Can you pay off your 401(k) loan early?
Yes, loans from a 401(k) plan can be repaid early without paying a prepayment penalty. Many plans offer the ability to repay the loan through regular payroll deductions that can increase the time to repay the loan earlier than the five-year requirement. Remember, these payments are made in after-tax dollars, not pre-tax contributions.
Will your employer know if you apply for a 401(k) loan?
Yes, your employer will likely know about each loan from their own sponsorship program. You may have to apply for a loan through Human Resources (HR), which you will pay back through payroll deductions, and they know that. Additionally, there is no guarantee that points will be approved, or that your program may not offer points at all. If you are concerned that a manager or executive will find out about your loan application, you should ask Human Resources to keep your application confidential.
Early withdrawal is less attractive than credit
An alternative to a 401(k) loan is a hardship distribution as part of an early withdrawal, however, this is associated with various taxes and penalties. If you withdraw your funds before retirement age (59½), you will generally be subject to income tax on any bonuses and may be subject to a 10% bonus penalty depending on the nature of the hardship.
You can also claim hardship compensation if you withdraw your money early.
The IRS defines a hardship distribution as “the employee’s immediate and serious financial need,” adding that “the amount must be necessary to meet the financial need.” This type of early withdrawal does not require any repayments and does not incur any penalties.
Allocating difficulty by quitting early covers a number of different issues, including:
certain medical expenses
Some of the Costs of Buying a Principal Home
Tuition, Fees, and Education Expenses
Costs to prevent eviction or foreclosure
Funeral or funeral expenses
Emergency home repairs for uninsured accidental damage
Hardship may be relative and your hardship may not qualify for early withdrawal.
This type of withdrawal does not require any repayment. However, you should avoid early withdrawals as much as possible due to the severe negative impact on your superannuation. Here are some ways to avoid these high taxes and get your retirement on track.
Other Alternatives to 401(k) Loans
Borrowing from yourself may be an easy option, but it may not be your only option. Here are some other places where you can find money.
Use your savings. Your emergency cash or other savings can be critical right now – and why you need emergency savings in the first place. Always try to find the best interest rate on a high-yield savings account to get the most out of your money.
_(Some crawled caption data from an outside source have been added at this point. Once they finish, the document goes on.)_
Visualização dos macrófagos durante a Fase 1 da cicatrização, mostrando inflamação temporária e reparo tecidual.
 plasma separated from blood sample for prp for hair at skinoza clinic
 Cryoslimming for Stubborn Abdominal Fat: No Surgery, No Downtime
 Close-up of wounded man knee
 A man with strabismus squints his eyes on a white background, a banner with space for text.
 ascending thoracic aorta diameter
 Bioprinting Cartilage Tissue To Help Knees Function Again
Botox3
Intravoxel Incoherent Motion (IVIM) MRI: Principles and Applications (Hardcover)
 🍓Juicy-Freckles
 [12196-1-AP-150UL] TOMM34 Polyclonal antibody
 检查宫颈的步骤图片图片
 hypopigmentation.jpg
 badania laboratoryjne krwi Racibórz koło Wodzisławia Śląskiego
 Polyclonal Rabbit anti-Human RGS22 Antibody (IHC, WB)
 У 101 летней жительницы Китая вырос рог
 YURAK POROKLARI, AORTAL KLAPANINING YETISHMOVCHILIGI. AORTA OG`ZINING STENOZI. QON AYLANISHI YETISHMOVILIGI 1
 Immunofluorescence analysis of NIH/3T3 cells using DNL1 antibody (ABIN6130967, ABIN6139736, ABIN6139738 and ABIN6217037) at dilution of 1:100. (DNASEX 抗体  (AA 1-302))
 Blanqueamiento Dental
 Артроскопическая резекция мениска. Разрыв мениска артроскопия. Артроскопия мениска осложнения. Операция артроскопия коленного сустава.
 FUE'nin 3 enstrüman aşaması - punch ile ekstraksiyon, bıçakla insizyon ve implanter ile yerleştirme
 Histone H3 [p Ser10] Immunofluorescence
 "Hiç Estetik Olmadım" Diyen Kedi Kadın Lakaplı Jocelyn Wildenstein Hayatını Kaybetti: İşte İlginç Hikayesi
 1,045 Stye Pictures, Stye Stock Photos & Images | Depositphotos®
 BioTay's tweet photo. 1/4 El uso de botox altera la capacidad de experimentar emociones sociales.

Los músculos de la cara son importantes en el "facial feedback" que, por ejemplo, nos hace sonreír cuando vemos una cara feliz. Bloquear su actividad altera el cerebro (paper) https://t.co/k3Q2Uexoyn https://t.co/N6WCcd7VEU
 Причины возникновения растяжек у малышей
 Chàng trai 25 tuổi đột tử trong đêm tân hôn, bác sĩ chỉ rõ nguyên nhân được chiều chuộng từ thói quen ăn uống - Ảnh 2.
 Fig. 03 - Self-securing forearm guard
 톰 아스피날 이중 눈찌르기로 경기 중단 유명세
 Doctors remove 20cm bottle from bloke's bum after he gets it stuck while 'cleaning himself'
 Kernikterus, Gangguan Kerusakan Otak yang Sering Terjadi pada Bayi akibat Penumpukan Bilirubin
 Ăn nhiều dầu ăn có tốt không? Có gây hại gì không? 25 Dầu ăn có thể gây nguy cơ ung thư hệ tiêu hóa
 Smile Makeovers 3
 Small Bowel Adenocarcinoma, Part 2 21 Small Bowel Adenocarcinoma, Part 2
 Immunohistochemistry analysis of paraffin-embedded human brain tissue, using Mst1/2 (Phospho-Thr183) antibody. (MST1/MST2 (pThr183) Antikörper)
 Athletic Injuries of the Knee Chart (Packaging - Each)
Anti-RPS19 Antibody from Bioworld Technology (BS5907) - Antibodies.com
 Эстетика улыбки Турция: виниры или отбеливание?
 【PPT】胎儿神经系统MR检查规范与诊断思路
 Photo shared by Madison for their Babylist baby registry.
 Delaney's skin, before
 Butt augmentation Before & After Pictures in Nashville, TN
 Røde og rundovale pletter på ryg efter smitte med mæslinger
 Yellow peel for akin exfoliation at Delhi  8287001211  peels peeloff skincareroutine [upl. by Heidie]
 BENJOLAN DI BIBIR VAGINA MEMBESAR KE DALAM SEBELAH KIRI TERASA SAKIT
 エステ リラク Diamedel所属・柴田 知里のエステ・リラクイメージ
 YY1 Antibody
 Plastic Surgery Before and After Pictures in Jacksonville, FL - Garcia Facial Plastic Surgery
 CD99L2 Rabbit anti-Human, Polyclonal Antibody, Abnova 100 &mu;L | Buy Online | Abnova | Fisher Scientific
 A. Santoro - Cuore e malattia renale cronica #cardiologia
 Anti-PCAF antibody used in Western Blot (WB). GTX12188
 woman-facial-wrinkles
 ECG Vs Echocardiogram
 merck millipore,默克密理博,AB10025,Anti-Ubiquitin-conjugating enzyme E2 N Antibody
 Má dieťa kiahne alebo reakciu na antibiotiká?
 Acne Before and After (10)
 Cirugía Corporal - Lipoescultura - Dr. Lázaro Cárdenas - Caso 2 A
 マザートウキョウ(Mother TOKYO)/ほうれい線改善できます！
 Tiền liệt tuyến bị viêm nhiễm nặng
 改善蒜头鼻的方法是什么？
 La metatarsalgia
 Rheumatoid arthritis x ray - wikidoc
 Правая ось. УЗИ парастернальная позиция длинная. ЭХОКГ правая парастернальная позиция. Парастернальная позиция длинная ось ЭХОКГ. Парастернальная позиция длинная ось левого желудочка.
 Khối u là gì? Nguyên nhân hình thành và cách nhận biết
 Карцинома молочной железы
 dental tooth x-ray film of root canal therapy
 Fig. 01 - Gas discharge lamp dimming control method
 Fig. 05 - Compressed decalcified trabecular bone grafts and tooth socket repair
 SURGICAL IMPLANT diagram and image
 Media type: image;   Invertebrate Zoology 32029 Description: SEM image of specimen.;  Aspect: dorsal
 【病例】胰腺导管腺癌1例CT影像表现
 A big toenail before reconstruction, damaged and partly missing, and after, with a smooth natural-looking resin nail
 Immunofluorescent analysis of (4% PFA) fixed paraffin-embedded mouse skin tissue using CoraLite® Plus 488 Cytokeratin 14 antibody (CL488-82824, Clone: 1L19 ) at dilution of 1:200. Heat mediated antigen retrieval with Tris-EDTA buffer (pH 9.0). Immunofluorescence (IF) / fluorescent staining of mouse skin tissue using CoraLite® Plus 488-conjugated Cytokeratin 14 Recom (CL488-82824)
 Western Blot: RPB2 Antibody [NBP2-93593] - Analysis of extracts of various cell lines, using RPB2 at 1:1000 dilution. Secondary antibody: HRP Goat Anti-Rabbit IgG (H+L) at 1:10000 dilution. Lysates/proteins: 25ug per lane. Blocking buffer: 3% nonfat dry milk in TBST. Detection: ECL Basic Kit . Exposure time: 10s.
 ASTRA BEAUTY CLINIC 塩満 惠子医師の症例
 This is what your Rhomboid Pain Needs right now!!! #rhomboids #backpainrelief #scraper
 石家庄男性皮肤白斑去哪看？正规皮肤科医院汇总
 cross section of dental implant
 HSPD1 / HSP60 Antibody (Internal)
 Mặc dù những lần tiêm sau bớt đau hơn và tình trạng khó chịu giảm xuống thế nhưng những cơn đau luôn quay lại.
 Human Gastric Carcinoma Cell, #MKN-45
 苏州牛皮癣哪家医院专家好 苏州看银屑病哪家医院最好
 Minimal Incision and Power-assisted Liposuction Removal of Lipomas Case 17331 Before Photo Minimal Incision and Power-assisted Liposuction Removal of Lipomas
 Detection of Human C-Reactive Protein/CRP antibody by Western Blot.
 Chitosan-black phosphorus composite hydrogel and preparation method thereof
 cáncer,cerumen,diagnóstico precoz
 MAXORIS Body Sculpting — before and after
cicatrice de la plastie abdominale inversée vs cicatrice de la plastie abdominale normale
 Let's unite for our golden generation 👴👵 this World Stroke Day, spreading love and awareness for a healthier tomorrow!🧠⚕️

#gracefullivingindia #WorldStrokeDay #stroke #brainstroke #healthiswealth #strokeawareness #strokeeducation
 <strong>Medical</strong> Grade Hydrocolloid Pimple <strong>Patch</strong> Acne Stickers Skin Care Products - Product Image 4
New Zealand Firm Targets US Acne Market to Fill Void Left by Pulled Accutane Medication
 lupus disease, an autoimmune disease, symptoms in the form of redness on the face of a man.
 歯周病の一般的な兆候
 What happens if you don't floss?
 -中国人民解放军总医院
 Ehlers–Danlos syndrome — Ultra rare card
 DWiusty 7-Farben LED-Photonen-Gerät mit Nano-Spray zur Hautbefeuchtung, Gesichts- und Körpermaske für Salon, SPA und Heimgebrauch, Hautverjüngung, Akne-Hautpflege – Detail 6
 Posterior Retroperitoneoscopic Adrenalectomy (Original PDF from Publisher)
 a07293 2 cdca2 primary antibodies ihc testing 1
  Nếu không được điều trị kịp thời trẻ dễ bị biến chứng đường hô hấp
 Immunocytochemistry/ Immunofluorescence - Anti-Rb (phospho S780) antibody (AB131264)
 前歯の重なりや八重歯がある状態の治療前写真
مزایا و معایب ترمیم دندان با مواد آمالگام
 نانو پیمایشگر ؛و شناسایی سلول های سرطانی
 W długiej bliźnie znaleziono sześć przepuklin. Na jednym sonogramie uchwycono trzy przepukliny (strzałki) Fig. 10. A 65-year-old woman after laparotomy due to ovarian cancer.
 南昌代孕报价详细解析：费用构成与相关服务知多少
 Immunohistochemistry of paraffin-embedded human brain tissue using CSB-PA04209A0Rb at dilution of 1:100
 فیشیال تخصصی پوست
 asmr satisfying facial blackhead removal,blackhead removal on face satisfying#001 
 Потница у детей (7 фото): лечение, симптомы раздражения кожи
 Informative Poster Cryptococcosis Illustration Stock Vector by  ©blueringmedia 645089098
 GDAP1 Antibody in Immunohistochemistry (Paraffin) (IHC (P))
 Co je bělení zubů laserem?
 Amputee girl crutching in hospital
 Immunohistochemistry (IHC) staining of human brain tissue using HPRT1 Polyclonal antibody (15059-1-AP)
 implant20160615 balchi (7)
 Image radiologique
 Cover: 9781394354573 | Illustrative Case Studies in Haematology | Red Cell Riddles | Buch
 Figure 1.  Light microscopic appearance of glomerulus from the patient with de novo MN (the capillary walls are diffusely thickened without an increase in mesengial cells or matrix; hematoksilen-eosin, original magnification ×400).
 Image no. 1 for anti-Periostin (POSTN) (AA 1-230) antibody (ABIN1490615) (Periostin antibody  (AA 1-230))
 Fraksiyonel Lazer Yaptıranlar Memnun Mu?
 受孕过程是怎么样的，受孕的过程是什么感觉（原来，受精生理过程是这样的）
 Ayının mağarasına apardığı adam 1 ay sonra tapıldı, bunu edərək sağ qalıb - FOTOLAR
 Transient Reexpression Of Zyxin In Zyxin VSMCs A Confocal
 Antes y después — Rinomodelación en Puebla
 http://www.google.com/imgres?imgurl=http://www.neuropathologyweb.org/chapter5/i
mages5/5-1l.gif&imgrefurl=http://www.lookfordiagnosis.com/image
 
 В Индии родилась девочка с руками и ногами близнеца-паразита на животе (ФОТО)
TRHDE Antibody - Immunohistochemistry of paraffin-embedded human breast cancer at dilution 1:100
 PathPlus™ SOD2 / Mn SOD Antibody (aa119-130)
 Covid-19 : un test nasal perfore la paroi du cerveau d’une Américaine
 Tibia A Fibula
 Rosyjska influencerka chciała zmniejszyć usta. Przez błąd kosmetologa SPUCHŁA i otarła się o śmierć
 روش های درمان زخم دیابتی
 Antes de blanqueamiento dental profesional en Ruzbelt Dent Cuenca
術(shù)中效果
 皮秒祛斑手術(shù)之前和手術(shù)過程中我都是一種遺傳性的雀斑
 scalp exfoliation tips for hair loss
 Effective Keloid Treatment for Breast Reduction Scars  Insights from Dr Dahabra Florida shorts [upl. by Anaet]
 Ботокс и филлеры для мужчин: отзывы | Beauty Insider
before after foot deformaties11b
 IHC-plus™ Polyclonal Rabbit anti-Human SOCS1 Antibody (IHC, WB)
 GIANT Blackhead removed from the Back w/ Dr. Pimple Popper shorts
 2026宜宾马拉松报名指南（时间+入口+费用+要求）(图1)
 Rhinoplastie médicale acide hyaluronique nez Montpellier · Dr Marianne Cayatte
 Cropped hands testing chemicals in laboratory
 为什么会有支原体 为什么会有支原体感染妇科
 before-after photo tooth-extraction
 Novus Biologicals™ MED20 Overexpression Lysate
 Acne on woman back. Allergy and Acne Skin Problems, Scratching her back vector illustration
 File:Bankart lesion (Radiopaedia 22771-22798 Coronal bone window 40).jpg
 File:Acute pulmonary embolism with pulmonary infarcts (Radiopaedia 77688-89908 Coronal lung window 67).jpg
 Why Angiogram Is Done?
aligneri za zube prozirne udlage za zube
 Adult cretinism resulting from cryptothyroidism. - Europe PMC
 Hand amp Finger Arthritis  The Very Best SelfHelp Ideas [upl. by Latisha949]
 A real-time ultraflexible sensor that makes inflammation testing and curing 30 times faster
Take out a personal loan. Personal loan terms may make it easier for you to repay without hurting your retirement savings. Depending on your lender, you can get your money in a day or so. 401(k) loans may not be effective immediately.
Try HELOC. A Home Equity Line of Credit (HELOC) is a great option if you own your home and have enough equity to borrow. You can take out what you need when you need it, up to the limit you are allowed to use. As a revolving loan, it’s similar to a credit card – the cash is there when you need it.
Get a home equity loan. This type of loan can usually give you lower interest rates, but keep in mind that your home is being used as collateral. This is an installment loan, not a revolving loan like a HELOC, so it’s best to know exactly how much you need and what it will be used for. Make sure you can repay the loan as it is easier to get or risk the home defaulting.
If taking money out of retirement is your only option, a 401(k) loan may be right for you. However, before using this option, try to find other ways. Depending on your needs and when you need them, you may have other options that are better suited to your situation. Not having an emergency or retirement plan is America’s biggest financial regret.